REQUIRED ACTION: Would you print, word for word, only the lines running from the line with "2015 Nissan Altima" to the last line of the entries, without the pictures?

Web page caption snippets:
= Beginning of Section =

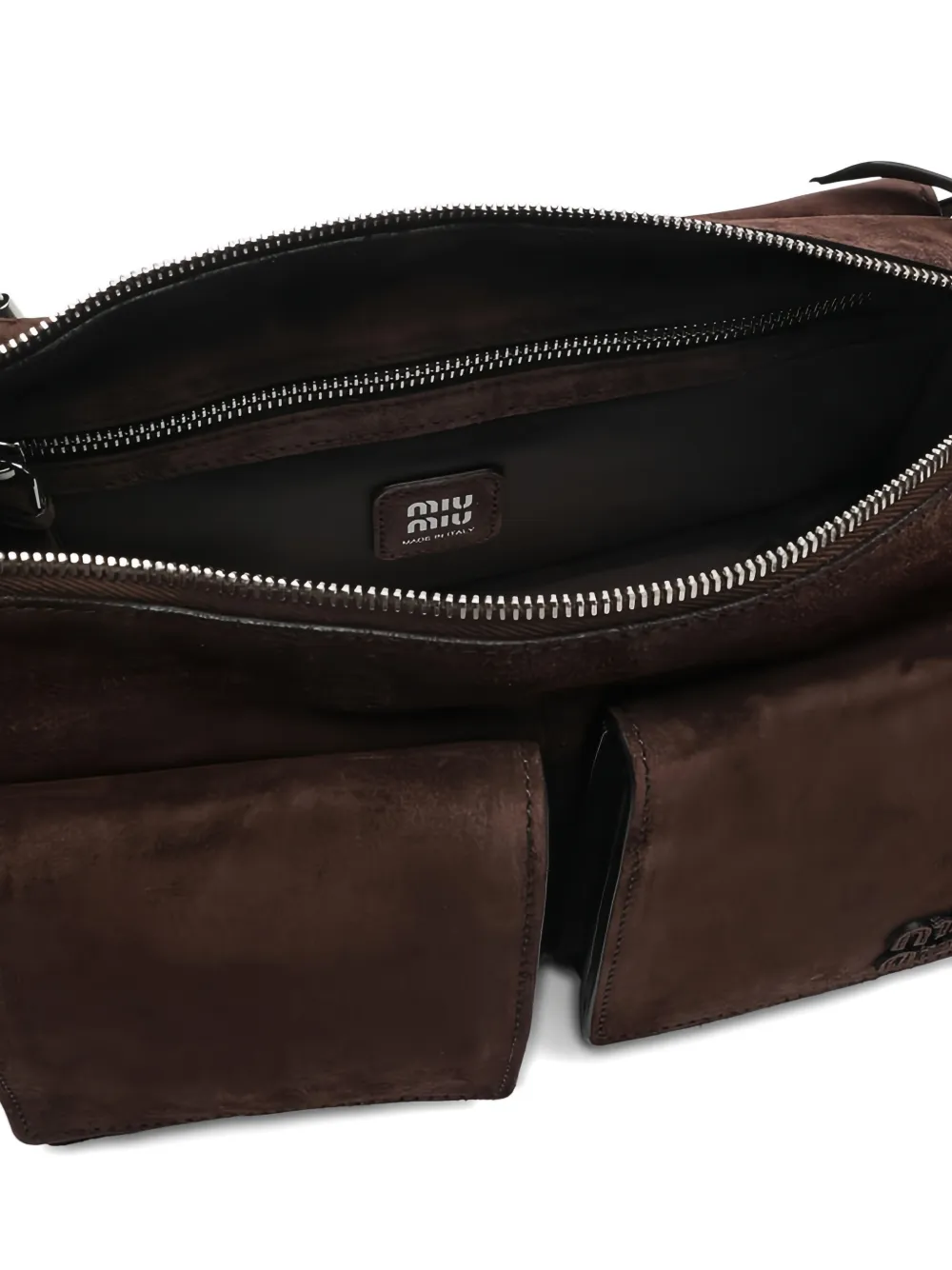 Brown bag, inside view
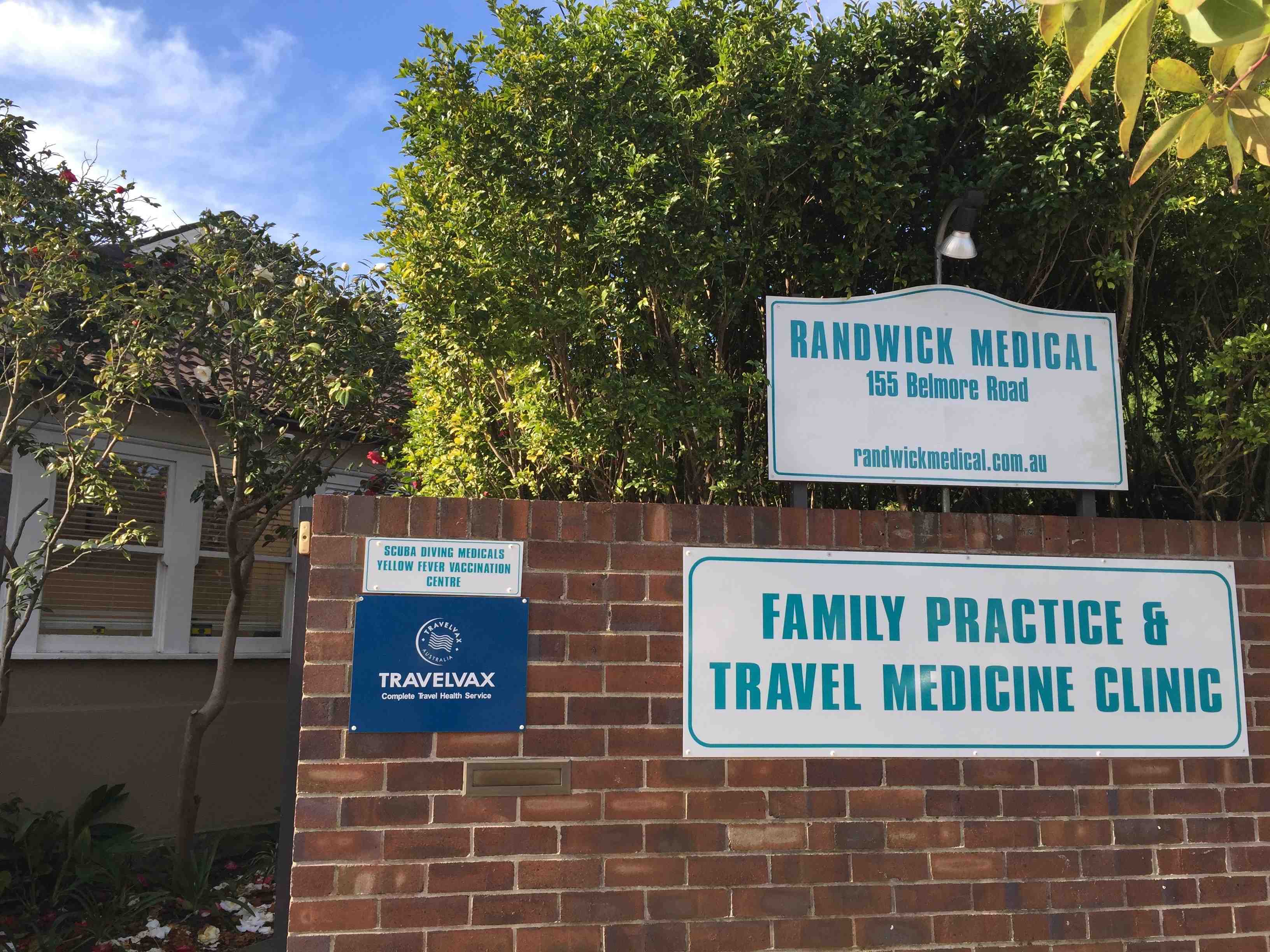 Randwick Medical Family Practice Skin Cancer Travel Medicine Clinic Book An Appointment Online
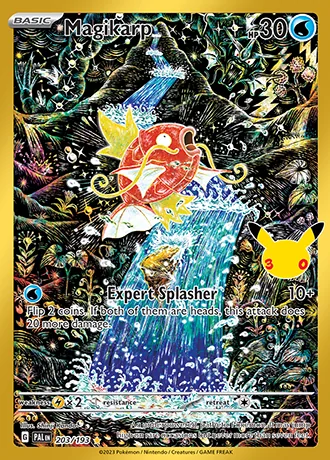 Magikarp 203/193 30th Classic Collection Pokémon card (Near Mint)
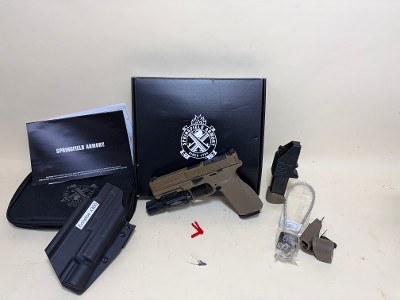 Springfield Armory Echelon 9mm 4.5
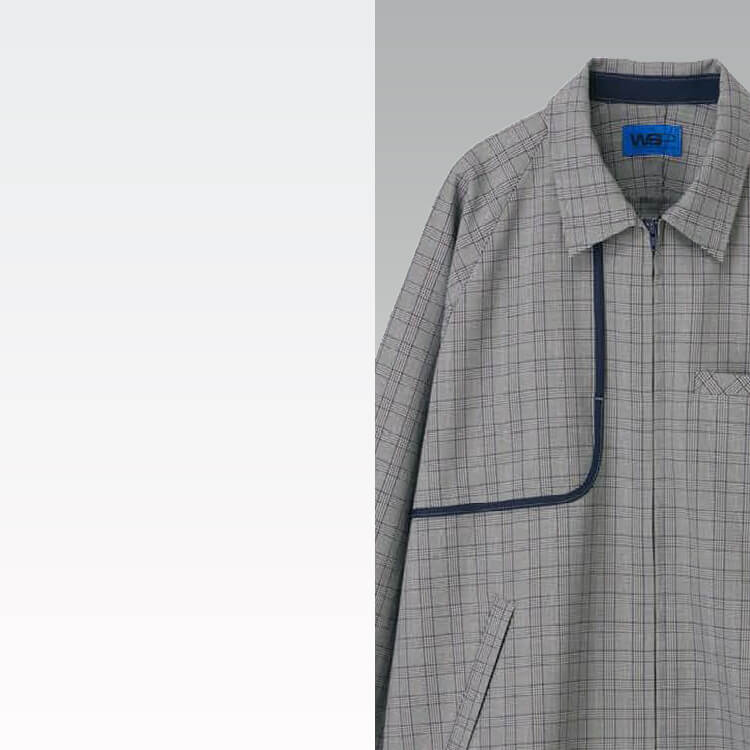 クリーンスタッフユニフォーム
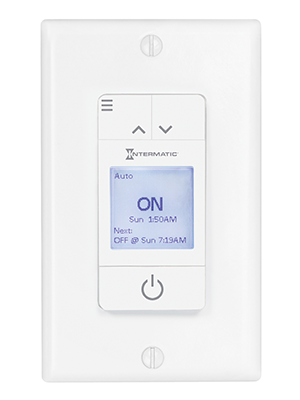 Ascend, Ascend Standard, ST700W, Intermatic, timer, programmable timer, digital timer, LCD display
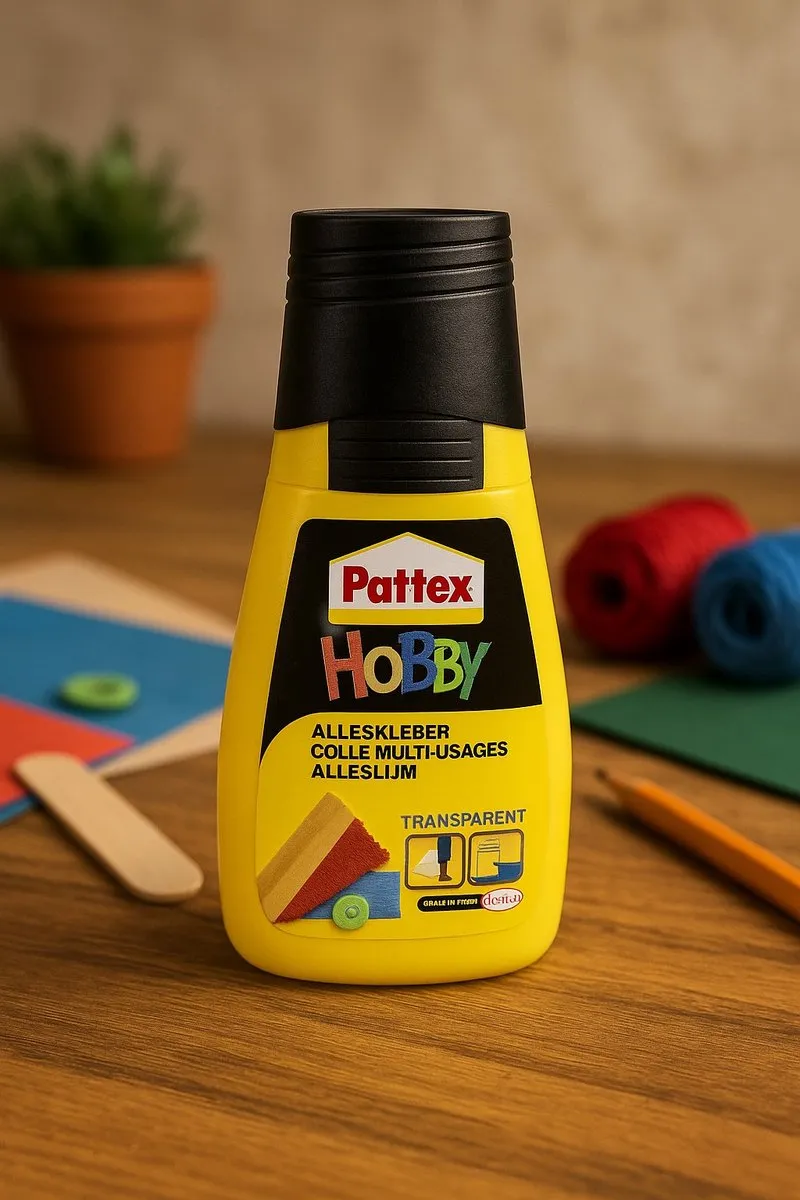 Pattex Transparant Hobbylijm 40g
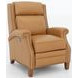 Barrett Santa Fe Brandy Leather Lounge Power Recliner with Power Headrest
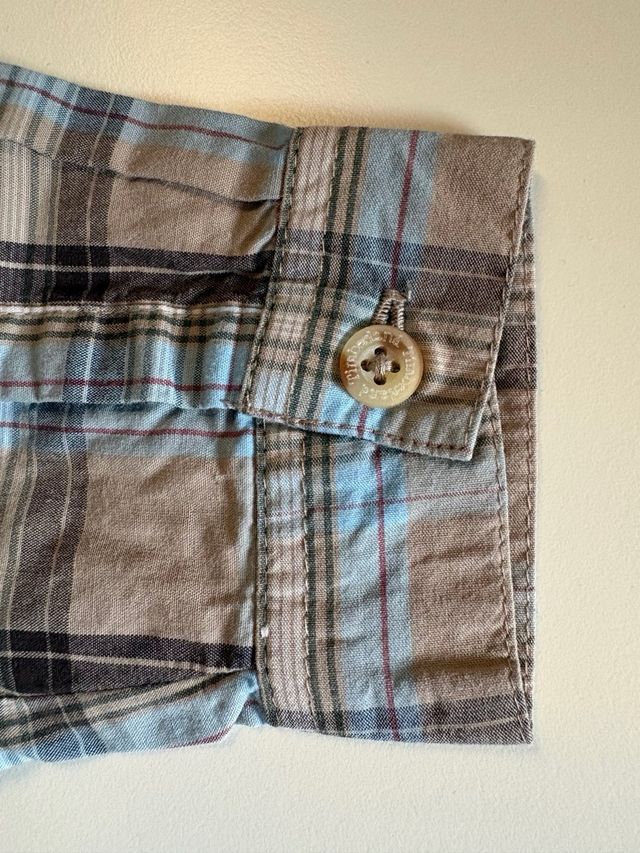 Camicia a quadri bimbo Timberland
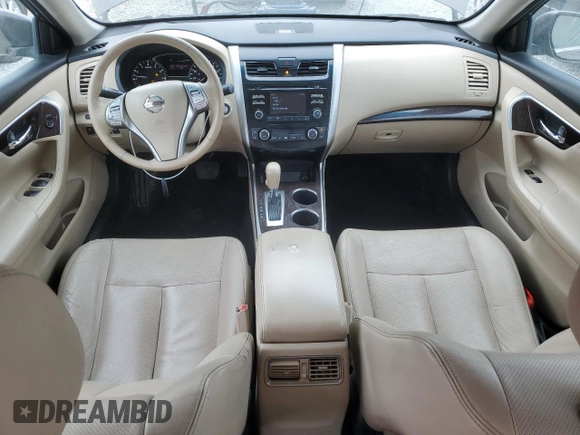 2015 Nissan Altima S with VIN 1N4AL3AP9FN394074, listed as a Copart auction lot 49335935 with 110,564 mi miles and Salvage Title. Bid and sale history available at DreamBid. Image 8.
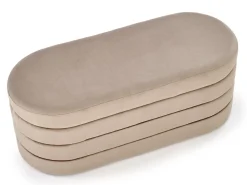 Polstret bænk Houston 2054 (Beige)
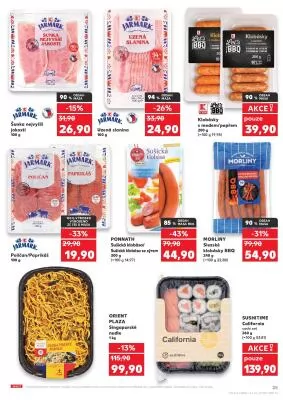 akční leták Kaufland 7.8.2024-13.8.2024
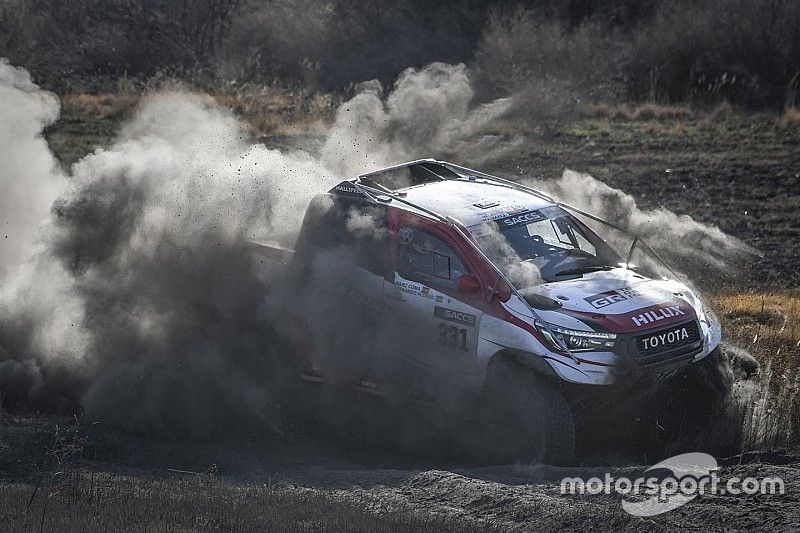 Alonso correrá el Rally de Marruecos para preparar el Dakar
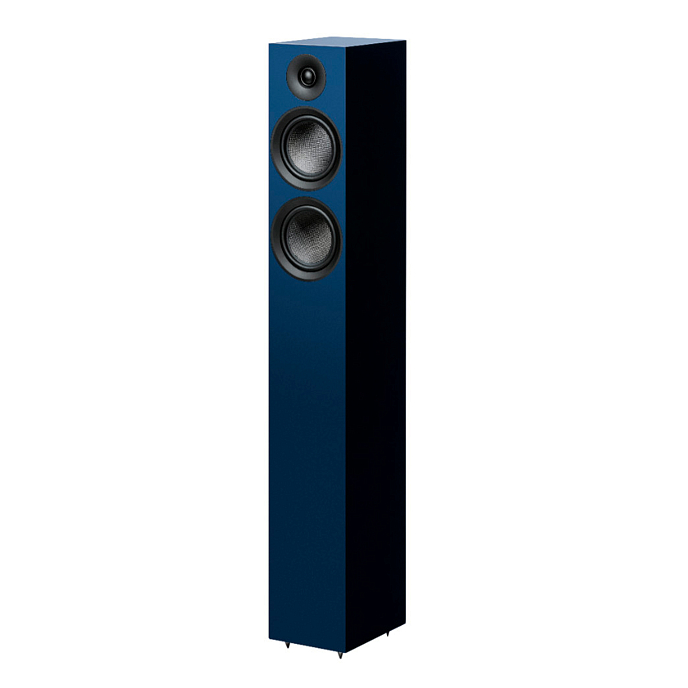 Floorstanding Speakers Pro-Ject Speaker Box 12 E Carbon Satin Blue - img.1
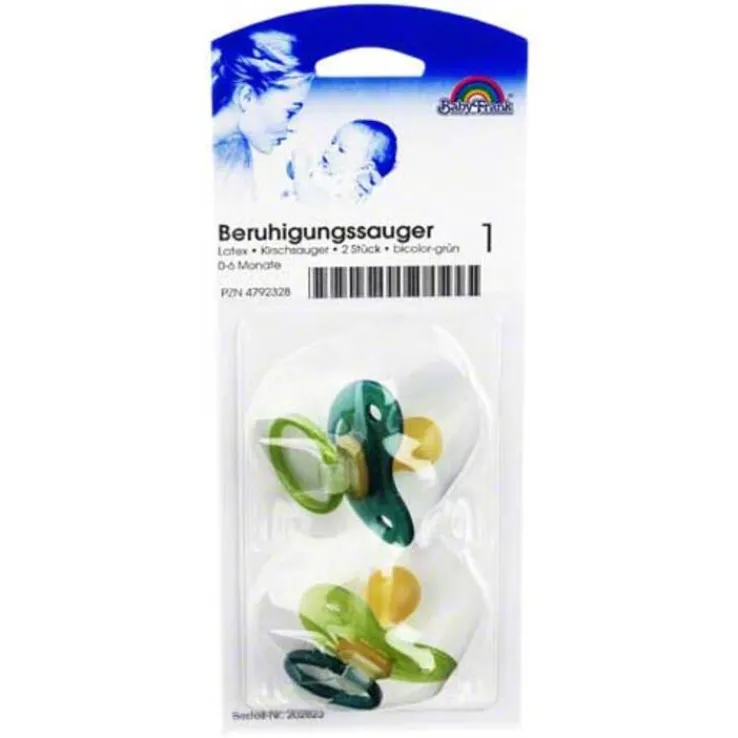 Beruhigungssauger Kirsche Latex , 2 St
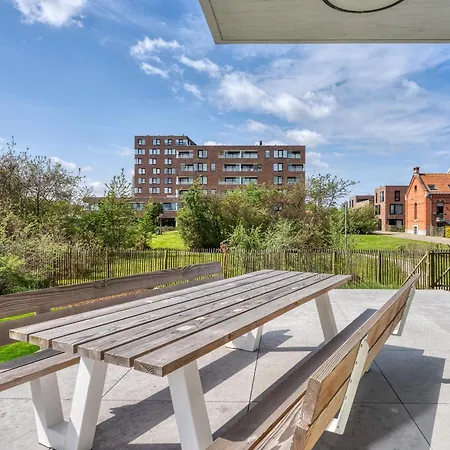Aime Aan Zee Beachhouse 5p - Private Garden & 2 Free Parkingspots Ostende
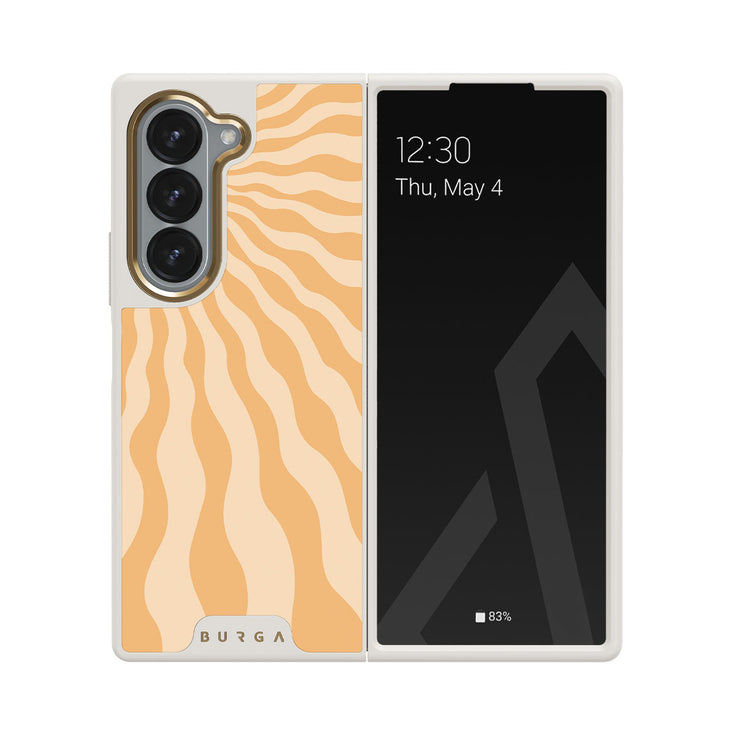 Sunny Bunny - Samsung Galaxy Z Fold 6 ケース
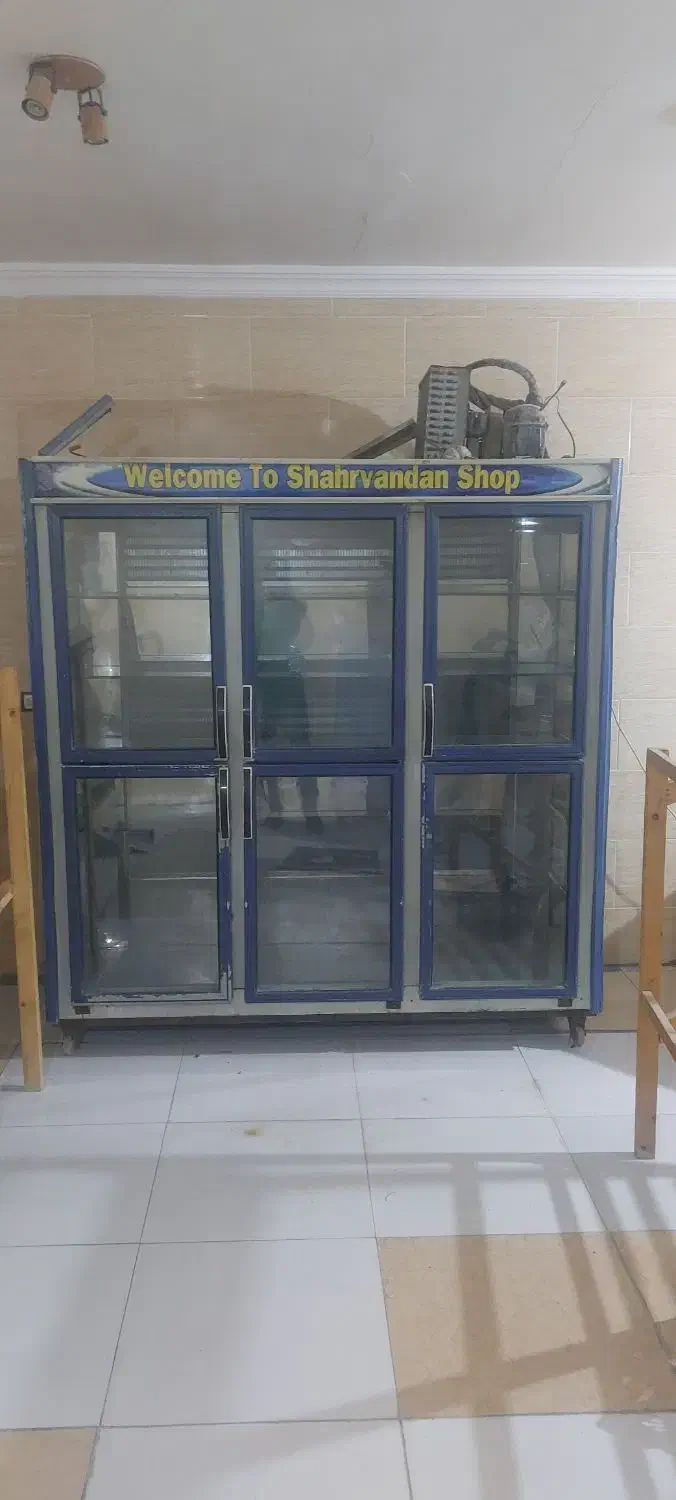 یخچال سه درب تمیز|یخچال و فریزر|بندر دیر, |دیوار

= End of Section =

TASK SOLUTION:
 2015 Nissan Altima S with VIN 1N4AL3AP9FN394074, listed as a Copart auction lot 49335935 with 110,564 mi miles and Salvage Title. Bid and sale history available at DreamBid. Image 8.
 Polstret bænk Houston 2054 (Beige)
 akční leták Kaufland 7.8.2024-13.8.2024
 Alonso correrá el Rally de Marruecos para preparar el Dakar
 Floorstanding Speakers Pro-Ject Speaker Box 12 E Carbon Satin Blue - img.1
 Beruhigungssauger Kirsche Latex , 2 St
Aime Aan Zee Beachhouse 5p - Private Garden & 2 Free Parkingspots Ostende
 Sunny Bunny - Samsung Galaxy Z Fold 6 ケース
 یخچال سه درب تمیز|یخچال و فریزر|بندر دیر, |دیوار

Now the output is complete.